Gündemlerin çok hızlı yaşandığı bir dönemden geçiyoruz. Bunların kimisi sanal, kimisi kronik, kimisi ise konjonktürel konular. Fakat hiç değişmeyecek gerçek bir gündem var ki o da ekmek mücadelesi...

Nedir o?

Ekmek işte...

Hayat memat meselesi...

Ekonomik gelişmeler, refah düzeyi, enflasyon, paranın alım gücü v.s. şeklinde sıralanan hayati/toplumsal/iktisadi meseleler...

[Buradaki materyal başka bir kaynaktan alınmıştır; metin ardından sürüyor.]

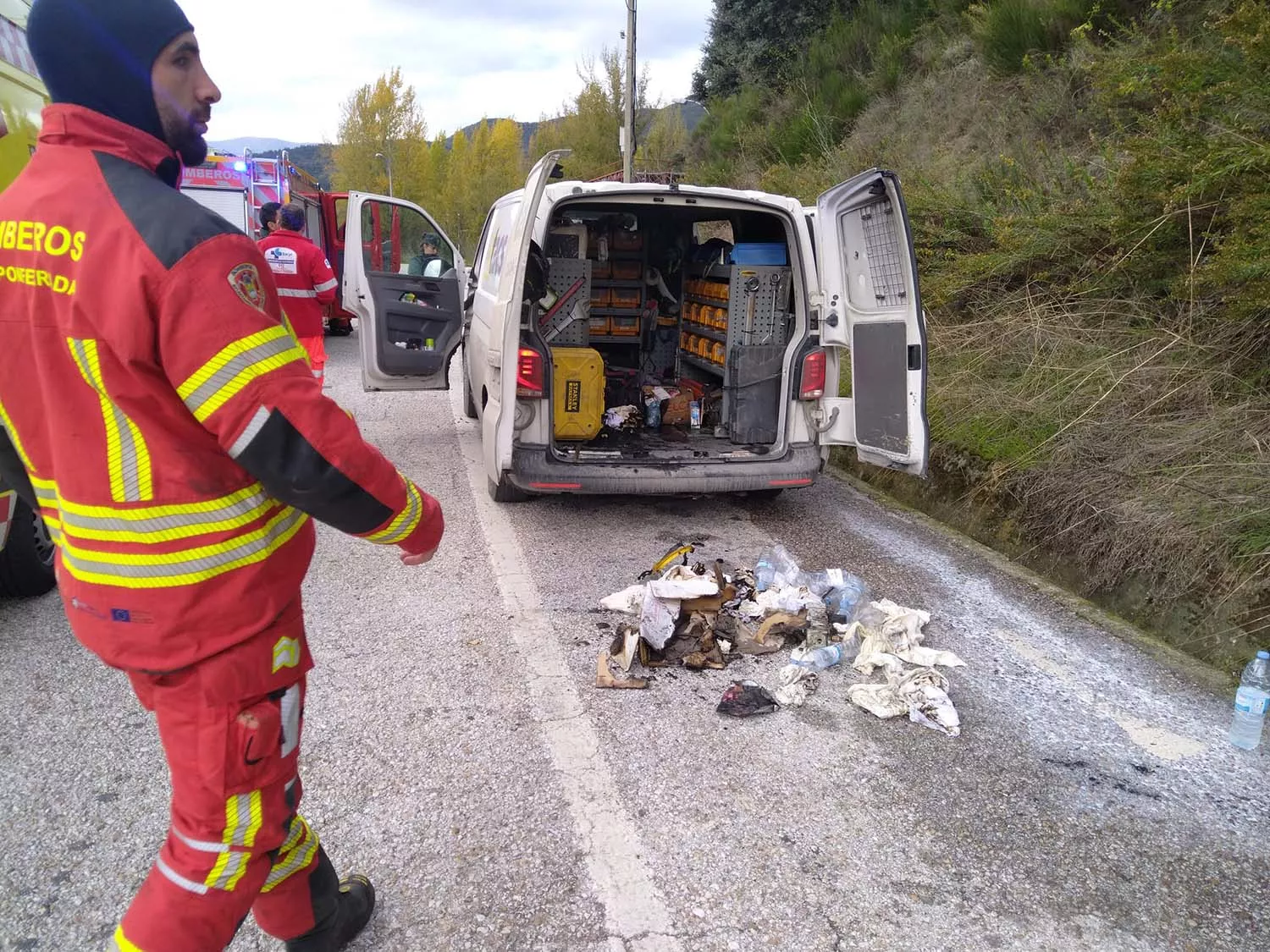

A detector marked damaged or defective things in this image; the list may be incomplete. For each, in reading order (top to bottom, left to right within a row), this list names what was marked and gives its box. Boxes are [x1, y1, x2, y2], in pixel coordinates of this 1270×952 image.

Yaşanan toplumsal çöküntü ve ahlaki erozyonun, eğitimsizlikle birlikte ekonomik sorunlardan kaynaklandığını biliyoruz, görüyoruz. Sadece eğitim ve ekonomik de değil; bencilliğin, şımarıklığın, önüne hazır konmuşluğun eseri olan kıymet bilmeme kaynaklı bir sürü 21. yüzyıl hastalığıyla karşı karşıyayız artık.

Ortalık vahşet haberlerinden geçilmiyor. Akla hayale gelmedik fenalıklarda, sınır tanınmıyor. Bütün bunların vebalini üstlenen insanlık, bir de korona virüs denilen bir salgınla baş etmeye çalışıyor.

Aciz kaldık, zayıf düştük. Zaten öyleydik, son bir yılda iş yerlerimiz iflas ede ede, sevdiklerimizi kaybede kaybede öğrenmeye başladık.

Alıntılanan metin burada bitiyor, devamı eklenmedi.